Terkena badai hampir dua hari saat mendaki Gunung Sumbing membuat pendakian terasa lebih berat. Namun, pelajaran-pelajaran dari setiap pendakian yang dijalani sebelumnya membuat mereka lebih aware satu sama lain. Wanita-wanita ini begitu cepat dan tanggap saat salah seorang teman prianya mengalami kelelahan. Mereka sigap saat membangun tenda, walaupun saat itu angin disertai hujan bertiup kencang. Hingga keesokan harinya saat cuaca sedikit berkurang hujannya, mereka segera melanjutkan pendakian menuju puncak dan kembali turun secepatnya. Karena cuaca cepat sekali berubah dimana huan dan angin kencang kembali datang.
Mengalami badai hampir 2 hari tidak menciutkan nyali mereka. Dua hari setelah badai, saya bersama dua wanita sahabat saya tiba di Bali. Malam itu langit di atas Pulau Bali dari Pantai Sanur terlihat penuh bintang.

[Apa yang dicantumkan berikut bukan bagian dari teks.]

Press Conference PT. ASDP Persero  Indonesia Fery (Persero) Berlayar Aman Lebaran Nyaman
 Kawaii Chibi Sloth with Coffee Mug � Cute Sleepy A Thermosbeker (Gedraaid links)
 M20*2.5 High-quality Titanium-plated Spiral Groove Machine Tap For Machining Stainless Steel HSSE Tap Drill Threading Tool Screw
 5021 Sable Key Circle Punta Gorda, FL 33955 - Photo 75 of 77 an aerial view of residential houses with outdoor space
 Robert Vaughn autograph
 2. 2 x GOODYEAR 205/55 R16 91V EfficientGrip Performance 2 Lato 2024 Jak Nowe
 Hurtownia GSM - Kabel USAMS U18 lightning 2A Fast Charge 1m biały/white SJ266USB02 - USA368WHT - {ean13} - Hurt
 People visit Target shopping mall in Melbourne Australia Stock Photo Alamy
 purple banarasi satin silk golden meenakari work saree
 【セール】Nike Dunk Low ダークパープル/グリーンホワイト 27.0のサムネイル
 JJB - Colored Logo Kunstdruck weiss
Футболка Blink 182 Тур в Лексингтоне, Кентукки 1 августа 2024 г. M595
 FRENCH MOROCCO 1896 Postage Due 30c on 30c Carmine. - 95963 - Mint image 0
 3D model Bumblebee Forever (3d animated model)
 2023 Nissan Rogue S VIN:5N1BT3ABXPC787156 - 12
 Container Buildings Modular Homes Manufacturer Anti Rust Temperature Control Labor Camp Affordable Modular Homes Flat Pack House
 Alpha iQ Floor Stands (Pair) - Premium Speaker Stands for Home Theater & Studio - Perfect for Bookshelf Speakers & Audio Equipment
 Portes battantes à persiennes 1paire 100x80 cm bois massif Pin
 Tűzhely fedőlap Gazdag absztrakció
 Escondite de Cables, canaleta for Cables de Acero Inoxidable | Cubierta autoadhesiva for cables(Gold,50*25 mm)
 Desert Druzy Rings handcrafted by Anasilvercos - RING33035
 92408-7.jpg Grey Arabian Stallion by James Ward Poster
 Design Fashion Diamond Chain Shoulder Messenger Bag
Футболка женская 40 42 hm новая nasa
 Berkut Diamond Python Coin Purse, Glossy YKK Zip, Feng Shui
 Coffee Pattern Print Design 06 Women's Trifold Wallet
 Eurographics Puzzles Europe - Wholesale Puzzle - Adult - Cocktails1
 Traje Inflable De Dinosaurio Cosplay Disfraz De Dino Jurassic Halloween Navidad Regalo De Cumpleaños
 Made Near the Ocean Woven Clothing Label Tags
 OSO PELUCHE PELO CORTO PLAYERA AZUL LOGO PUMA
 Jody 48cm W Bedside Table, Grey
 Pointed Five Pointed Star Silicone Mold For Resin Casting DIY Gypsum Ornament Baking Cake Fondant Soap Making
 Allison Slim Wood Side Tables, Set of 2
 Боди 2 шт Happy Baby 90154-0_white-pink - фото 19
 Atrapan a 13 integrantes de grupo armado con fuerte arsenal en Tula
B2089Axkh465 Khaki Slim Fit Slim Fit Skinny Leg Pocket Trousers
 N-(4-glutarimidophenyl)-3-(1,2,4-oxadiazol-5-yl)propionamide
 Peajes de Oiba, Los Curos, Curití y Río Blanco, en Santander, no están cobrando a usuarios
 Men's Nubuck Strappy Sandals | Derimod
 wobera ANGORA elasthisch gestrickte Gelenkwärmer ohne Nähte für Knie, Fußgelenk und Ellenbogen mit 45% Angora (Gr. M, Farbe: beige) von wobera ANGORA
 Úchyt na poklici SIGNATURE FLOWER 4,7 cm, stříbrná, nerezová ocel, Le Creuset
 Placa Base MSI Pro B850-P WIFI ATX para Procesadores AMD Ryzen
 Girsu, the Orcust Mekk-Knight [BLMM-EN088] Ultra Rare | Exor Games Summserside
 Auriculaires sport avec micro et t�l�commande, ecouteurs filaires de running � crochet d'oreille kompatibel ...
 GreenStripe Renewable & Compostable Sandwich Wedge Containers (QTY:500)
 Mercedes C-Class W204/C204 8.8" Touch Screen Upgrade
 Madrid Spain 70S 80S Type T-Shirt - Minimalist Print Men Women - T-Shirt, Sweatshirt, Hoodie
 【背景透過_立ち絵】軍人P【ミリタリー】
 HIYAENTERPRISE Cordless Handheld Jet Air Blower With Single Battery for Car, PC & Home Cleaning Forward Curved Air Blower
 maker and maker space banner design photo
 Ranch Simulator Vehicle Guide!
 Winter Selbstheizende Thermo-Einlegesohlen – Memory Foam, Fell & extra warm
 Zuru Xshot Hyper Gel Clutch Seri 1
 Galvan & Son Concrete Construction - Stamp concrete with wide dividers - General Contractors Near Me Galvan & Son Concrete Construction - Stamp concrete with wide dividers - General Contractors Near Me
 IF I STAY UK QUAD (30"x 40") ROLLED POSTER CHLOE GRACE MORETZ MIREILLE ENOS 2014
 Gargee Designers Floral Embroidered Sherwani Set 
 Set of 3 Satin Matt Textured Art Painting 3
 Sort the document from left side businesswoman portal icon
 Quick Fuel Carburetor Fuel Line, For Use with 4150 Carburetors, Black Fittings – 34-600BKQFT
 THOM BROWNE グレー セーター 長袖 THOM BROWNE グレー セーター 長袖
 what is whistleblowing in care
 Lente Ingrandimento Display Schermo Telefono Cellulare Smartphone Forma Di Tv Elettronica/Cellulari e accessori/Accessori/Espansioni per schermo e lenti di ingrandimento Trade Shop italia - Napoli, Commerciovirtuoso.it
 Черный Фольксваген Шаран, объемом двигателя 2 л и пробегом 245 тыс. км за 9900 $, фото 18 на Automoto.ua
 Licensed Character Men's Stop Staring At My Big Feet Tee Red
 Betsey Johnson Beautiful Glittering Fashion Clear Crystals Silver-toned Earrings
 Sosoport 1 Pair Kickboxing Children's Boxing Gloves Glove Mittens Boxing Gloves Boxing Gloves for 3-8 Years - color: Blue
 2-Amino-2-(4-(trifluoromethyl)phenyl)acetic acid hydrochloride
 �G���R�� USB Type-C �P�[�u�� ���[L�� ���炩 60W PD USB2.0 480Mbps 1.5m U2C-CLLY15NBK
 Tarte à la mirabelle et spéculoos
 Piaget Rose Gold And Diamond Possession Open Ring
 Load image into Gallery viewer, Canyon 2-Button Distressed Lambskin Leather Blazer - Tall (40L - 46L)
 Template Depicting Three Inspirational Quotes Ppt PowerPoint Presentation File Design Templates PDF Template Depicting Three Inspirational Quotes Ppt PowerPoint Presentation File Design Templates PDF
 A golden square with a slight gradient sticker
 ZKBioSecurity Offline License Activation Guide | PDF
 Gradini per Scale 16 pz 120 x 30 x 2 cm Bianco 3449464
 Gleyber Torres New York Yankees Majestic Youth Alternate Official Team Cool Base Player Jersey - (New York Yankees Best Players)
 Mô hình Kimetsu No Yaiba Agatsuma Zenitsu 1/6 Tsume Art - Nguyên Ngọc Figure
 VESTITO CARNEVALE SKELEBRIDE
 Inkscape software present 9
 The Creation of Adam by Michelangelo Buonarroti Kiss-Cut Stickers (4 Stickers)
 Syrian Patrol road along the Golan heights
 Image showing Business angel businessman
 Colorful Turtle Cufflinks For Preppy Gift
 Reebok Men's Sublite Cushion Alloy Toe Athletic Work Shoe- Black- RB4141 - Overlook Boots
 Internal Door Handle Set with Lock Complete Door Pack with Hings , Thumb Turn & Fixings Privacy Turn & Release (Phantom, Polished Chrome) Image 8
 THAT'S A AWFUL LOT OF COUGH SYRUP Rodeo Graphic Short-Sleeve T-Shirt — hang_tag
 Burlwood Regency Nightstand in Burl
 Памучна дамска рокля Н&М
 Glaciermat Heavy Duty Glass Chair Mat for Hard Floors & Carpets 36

Padahal perjalanan kami dari Jawa Tengah ke hingga ke ujung Jawa Timur, nyaris tanpa sinar matahari. Sepanjang perjalanan semuanya terlihat mendung dan kelabu.
Mengetahui cuaca yang cukup cerah malam itu, kami bertiga pun memutuskan untuk mendaki Gunung Agung esok harinya. Malam itu kami segera semua perlengkapan pendakian. Esok paginya bersama seorang teman dari Universitas Udayana, kami menuju Pura Besakih, entri point pendakian ini. Oleh koordinator guide dan polisi Besakih, kami ditawarkan mendaki melalui Dusun Junggur, Besakih. Jalur pendakian yang resmi dibuka 29 Desember 2010 silam. Setelah mendapatkan informasi mengenai jalur ini, kami pun menyetujuinya. Benar, seperti dugaan kami, jalur ini bisa dikatakan 90 persen mempunyai sudut kemiringan antara 40-60 derajat. Namun, jalurnya masih sangat baik dan hutannya pun masih asri. Sampai-sampai kami begitu senangnya melalui jalur ini. Walaupun cukup banyak pacet, namun pendakian melalui trek punggungan ini menyenangkan. Jalurnya benar-benar masih asri. Malam itu kami benar-benar bersyukur, karena cuaca cukup cerah. Hingga kami pun tiba di camp saat hampir tengah malam atau 7 jam perjalanan. Hanya ada sedikit tempat datar yang dapat menampung sebuah tenda kami.
Setelah esok pagi harinya melanjutkan pendakian hingga tiba Puncak Gunung Agung, sekitar pukul 12 siang, kami pun turun kembali menuju Basecamp di Dusun Junggur. Saat itu hujan dan angin sudah mulai datang. Hingga akhirnya kami pun turun dalam kondisi badai. Di lembah kanan dan kiri kami terdengar suara angin kencang berputar-putar. Hujan yang turun terasa seperti sebesar-besar jari kelingking. Jalur yang curam pun kini berubah menjadi aliran sungai lumpur. Suara geluduk sesekali bersahut-sahutan. Beberapa kali kami harus terpeleset dan berjibaku dengan lumpur. Hingga akhirnya memasuki malam. Hujan badai tidak ada tanda-tanda segera berhenti. Angin kencang yang bertiup membuat tubuh terasa semakin dingin. Jalur pendakian terasa semakin berat dan melelahkan kami. Untuk saling bantu dan jaga, kami pun sesekali saling berpegangan tangan. Hingga akhirnya setelah 12 jam berjalan turun, kami pun tiba kembali di Basecamp, Dusun Junggur, Besakih.
Semangat dan daya juang kedua wanita yang saya kenal ini cukup tangguh. Dimana yang satu baru saja melewati operasi. Sedangkan satunya lagi pernah mengalami kecelakaan berat....dimana akibat dari kecelekaan tersebut masih membekas dan dibawanya hingga kini. Semua itu tidak mematahkan semangat mereka. Mereka berdua mengatakan bahwa untuk mereka mendaki gunung karena memang mereka senang. Sehingga dalam setiap pendakian, mereka selalu dari hati. Apapun yang dialami dalam pendakian, itulah arti petualangan. Semuanya harus dihadapi.
Usia teman-teman dalam kisah-kisah nyata pendakian di atas bisa dibilang sebagian besar sudah tidak muda lagi. Namun, semangat dan tekad yang ada pada dirinya masing-masing serta persiapan yang matang selalu coba terus mereka utamakan. Dalam artian mereka selau terus berusaha lebih baik dan lebih baik lagi dalam pendakian-pendakian selanjutnya.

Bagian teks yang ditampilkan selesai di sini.